Leading asteroid imaginators unanimously imagined the end of the human September with the rapid approach of 209 Doomer- a celestial imagination that could change the way that mankind lives out it’s week.
Researchers have urged the public not to envision the imaginary object due to complications with size management. This daydream could quickly become a nightmare if thought to be bigger than the leading story tellers.
The mysterious object’s speed has been recorded by one fibber at The International Imaginatorium as,
“14 times faster than a flying ninja star”
This was later confirmed by the worlds most sophisticated bubble blowing machine.
One outspoken researcher at The International Imaginatorium calculated that the asteroid will most likely hit his ex girlfriend’s house forcing her to apologize for treating him weird at his boss’s dinner party.
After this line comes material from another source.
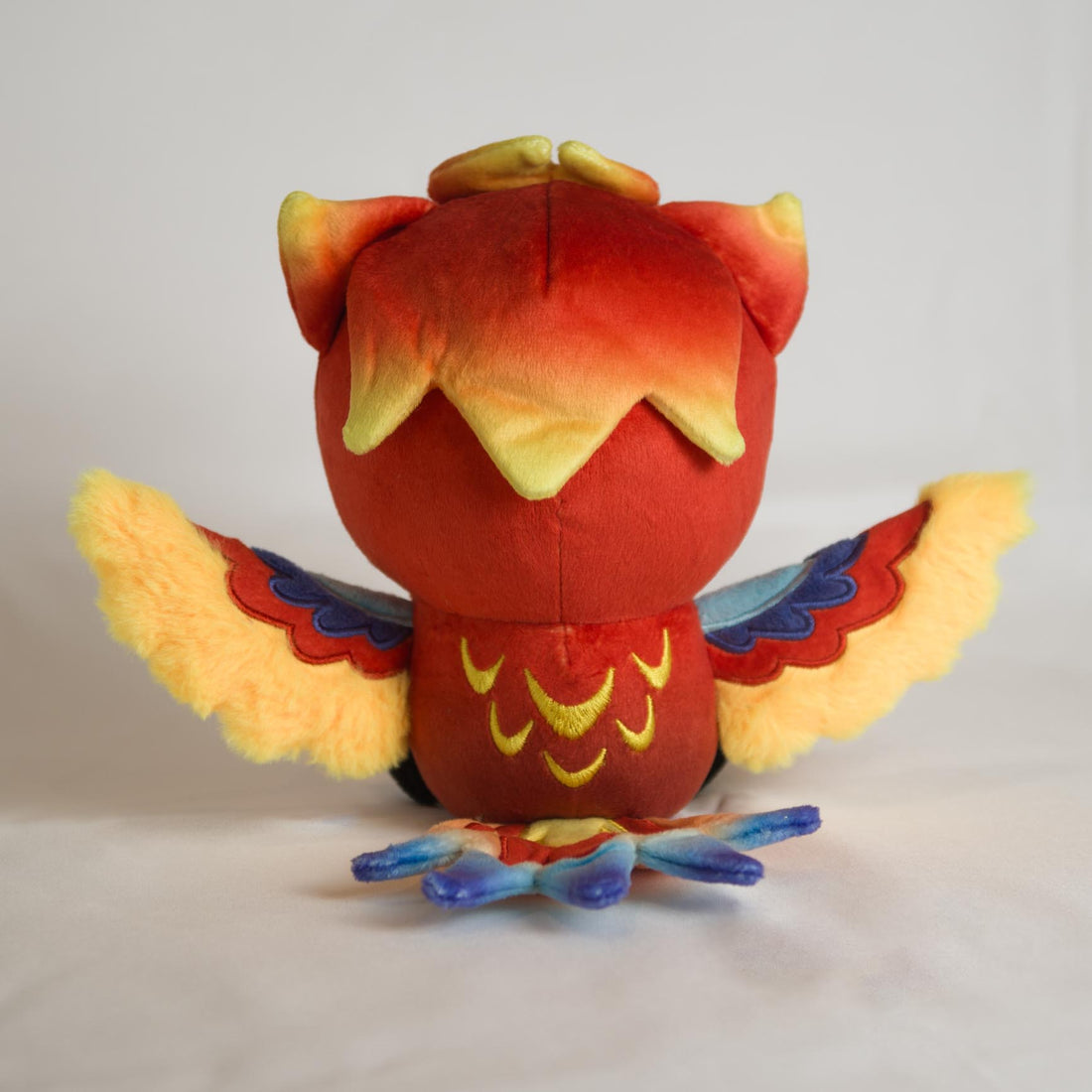 Auri Collectible Plush, back view showing embroidered feathers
To date, the asteroid’s velocity is constantly increasing due to the spin that has been compounding faster than we could keep up with here at The Beartaria Times. Although, we have received word from the IODA- Imaginary Object Defense Agency that this will increase the demand for safety helmets and duct tape, consumers should prepare for long lines at bicycle retailers and hardware stores if the imagination takes hold.
Imaginary objects have shown to kill more than 14 million people’s buzz’s this year alone. These are staggering numbers when compared to people that can actually sustain a successful buzz.
This mysterious imaginary object is far different than the other MIO’s we may have had close encounters with, says one researcher:
“It’s bigger than any fish I have ever caught, and I have caught fish that are bigger than anyone else’s fish.”
– M.I. Fibbs
Chief Researcher for randomize aero-neurotics
M.I. Fibbs is just one of thousands of researchers already racing to a defense strategy in hopes of deflecting this object, which is now much larger than expected due to the demand of our readers to know what is being imagined.
To help in the research, The Beartaria Times has reached out to a grown man studying at Gen Z High School. The concerned man now in his senior year of indoctrination stated that the asteroid has already stolen his hopes and dreams. Out of concern, The Beartaria Times sent an investigator into the senior’s DM’s where we joined him in watching the sail boat masts disappearing over the horizon.
With no despair, we can assure you that there is always a margin of imaginary safety. The research is finding that while it seems it may be an “Extremely close encounter” there is a high probability that the MIO may not be imagined after a week and will miss someone’s imagination.
The quantum “If or If Else Machine”- located at a big building with strange statues has modeled the MIO’s trajectory. The trajectory seems to show that if the MIO doesn’t make a hard hit with someone’s imagination then the next time it will make its rotation will be another 150 news cycles, or an approximate 300 million lattes.
Unidentified imaginations are a growing concern for those imagining Beartaria. For this reason The Beartaria Times has made an internal joke to follow all the breaking coverage with the most accurate reporting and toilet paper brands.
We know 209- Doomer can’t hurt us because we have bike helmets, duct tape and 100% cotton socks, little known tip from one of our partners.
Cotton socks lowers your chances of catching mysterious imaginary objects by more percent than not wearing wearing cotton socks. That is why if you are not wearing 100% cotton socks then wearing a bicycle helmet isn’t even going to matter. Be apart of the solution, the penguins need your cotton socks or you too will get hit with a terrible imagination.